# Add Blown Insulation or Radiant Barrier?



## Ralph III (Oct 7, 2011)

Hello All,

We are purchasing a home with the following details.

*Blown in insulation (R-30 +-).
*Light colored brown or tan shingles.
*Two electric vent fans. 
*There are no shade tree's around the home.
*Hip type roof.


How would I best be served.....

1. To add more blown-in insulation?

2. To add radiant barrier? Ebay has some listed fairly inexpensive as seen HERE. I've always had ridge vents and have read the electric fans are terrible. So maybe the radiant barrier and tan shingles will limit their usage?

3. Or a combination of the above? 

I will be doing the job myself but do have a limited budget for this year. I can always add more later.

God Bless,
Ralph


----------



## Bud9051 (Nov 11, 2015)

Hi Ralph,
Optimize your natural ventilation, soffit vents to either roof or ridge vents. Then dig through that r-30 and at least locate the major air leaks. Would have been easier before they buried everything. I'll add a link on air sealing to help your search. Rake the current insulation out of the way, seal what is needed and rake it back into place. When done you can give everything an extra few inches to make it look and work better.
https://www.energystar.gov/ia/partners/bldrs_lenders_raters/downloads/TBC_Guide_062507.pdf

Make sure your soffit vents are not filled with insulation and that you have baffles to keep the insulation from blocking the air path. Every rafter bay should have a soffit vent but total NFA (net free area is what you are after in warm country).

Bud

PS, if there are any ac ducts or equipment up there it all needs to be well insulated and air sealed. Guidance available.


----------



## NotYerUncleBob2 (Dec 29, 2017)

I'm not a fan of attic fans. The problem is that they might exhaust some hot air, but where is the make up air coming from? If it's not coming from the soffit intake vents, then it's pulling your air conditioned air out of the house and pulling in hot humid outside air in through whatever gaps and cracks are present. For most homes, that's through dusty, mouse pee saturated wall cavities or up from a musty basement. 
Radiant barrier? Not sure what that'll really do vs what they claim it will do.


----------



## Ralph III (Oct 7, 2011)

Hello and thanks for the replies!

I've done home remodeling and construction most of my life, so I have a fair understanding of these things. 

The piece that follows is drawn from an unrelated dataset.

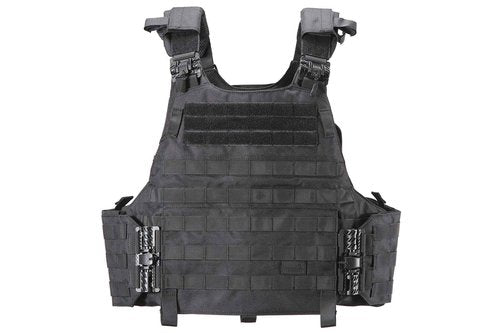 Lancer Tactical Quick Release Medium/Large Airsoft Vest Pouch (Large, Black)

1. Yes, when we move in I will look to fill in all top plate holes. This is a good practice not only for draft purposes but for fire purposes as well. I will also inspect all duck-work and add mastic if needed.

2. I will insure the roof and soffits have proper ventilation as well. There are no ridge vents (as noted) and I'm not good on steep pitches. So I'm trying to limit how much the attic ventilation fans will come on. 

Otherwise, how much do you think someone would charge to install ridge vents? I've always used natural ventilation and have read quite a bit of negative aspects of electric fan ventilation. Most notably that it can suck conditioned air out of your home but is that truly an issue? If you have adequate soffit ventilation with all top plate holes filled and buried under insulation; then it would seem any air pulled from within the home would be quite minimal? I don't know. Maybe it pulls air from the cavity between the brick and exterior walls as well? 

3. I've read mixed opinions about adding insulation to existing attic duck. At our previous residence, I actually added unfaced fiberglass insulation to our duck-board and then covered up the flex duck as much as possible with blown in insulation. It would seem to be more of a benefit than an issue but maybe some of you can offer a professional opinion.

4. I have no experience with radiant barriers. The hype seems to suggest it is highly beneficial though and as I want to limit attic heat; then maybe it is worth it?

Your input and clarifications are appreciated!

Thanks,
Ralph


----------



## Bud9051 (Nov 11, 2015)

I forgot to comment on the radiant barrier question. In the deep south they sell and use sheathing on the roof that has a foil face on the bottom and it is considered a good investment. In your case a RB could be applied to the bottom of the roof or across the bottom of the rafters. If you put it across the bottom of the rafters you would need to be sure it did not interfere with the ventilation.

Bud


----------



## NotYerUncleBob2 (Dec 29, 2017)

If you bury a reflector, doesn't it just become a conductor?


----------



## Bud9051 (Nov 11, 2015)

The RB should be installed up below the rafters and not buried. Its benefit is that solar energy has only one primary path from the bottom of the roof down to the insulation below and that path is by radiation. A radiant barrier works in both directions to block radiant energy transmission across the attic air gap. in the winter it would reflect heat back down away from the roof.

Bud


----------



## user_12345a (Nov 23, 2014)

you don't need a radiant barrier unless you have air ducts in the attic.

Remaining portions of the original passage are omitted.